::: Source material

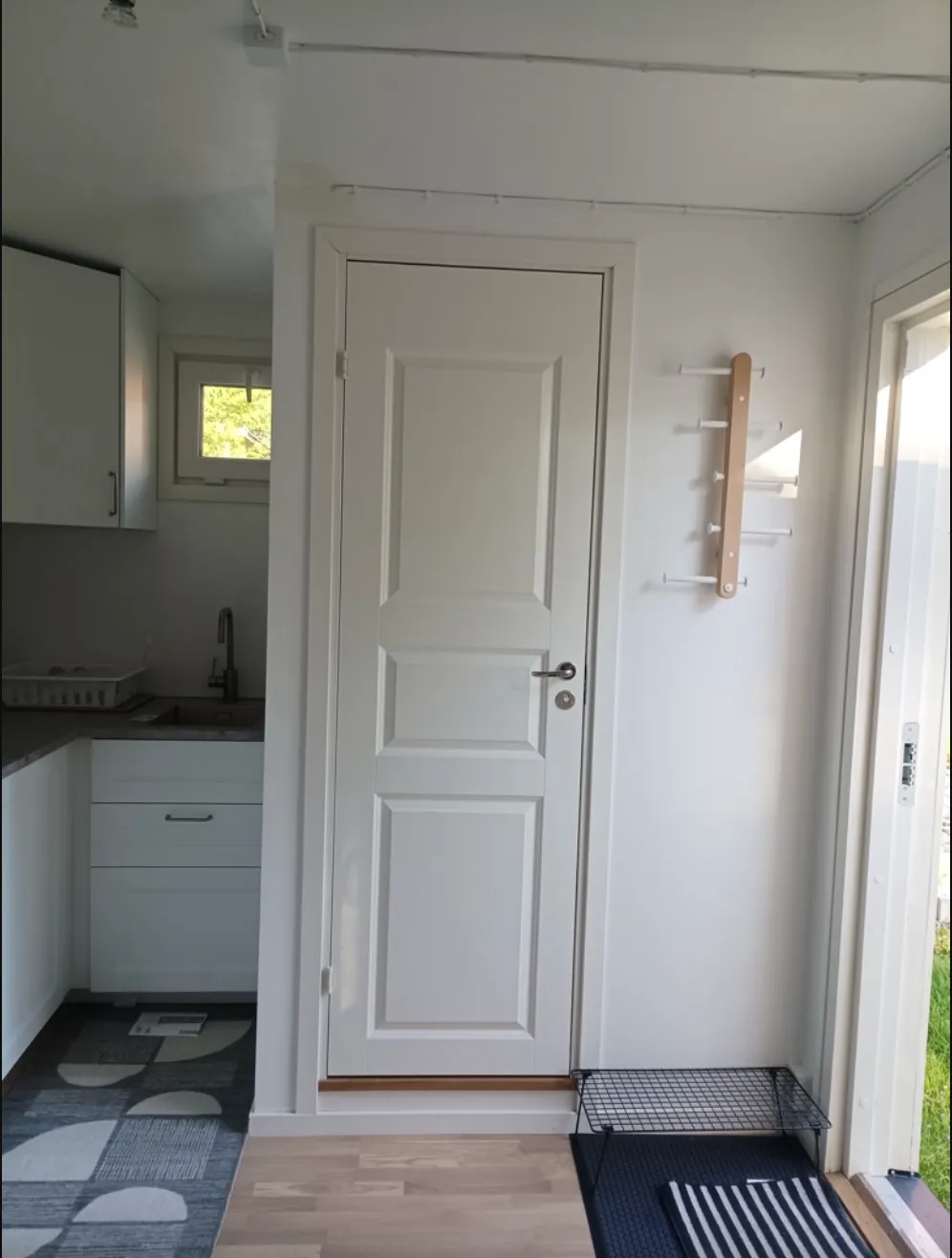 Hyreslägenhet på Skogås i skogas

::::::
::: Source material

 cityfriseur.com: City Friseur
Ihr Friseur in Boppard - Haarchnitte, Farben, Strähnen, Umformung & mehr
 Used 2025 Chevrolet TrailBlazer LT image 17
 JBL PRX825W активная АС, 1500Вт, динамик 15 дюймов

::::::

**Task description**: Take every line in the preceding listing that contains "Friseur" and copy it.

**Solution**:
 cityfriseur.com: City Friseur
Ihr Friseur in Boppard - Haarchnitte, Farben, Strähnen, Umformung & mehr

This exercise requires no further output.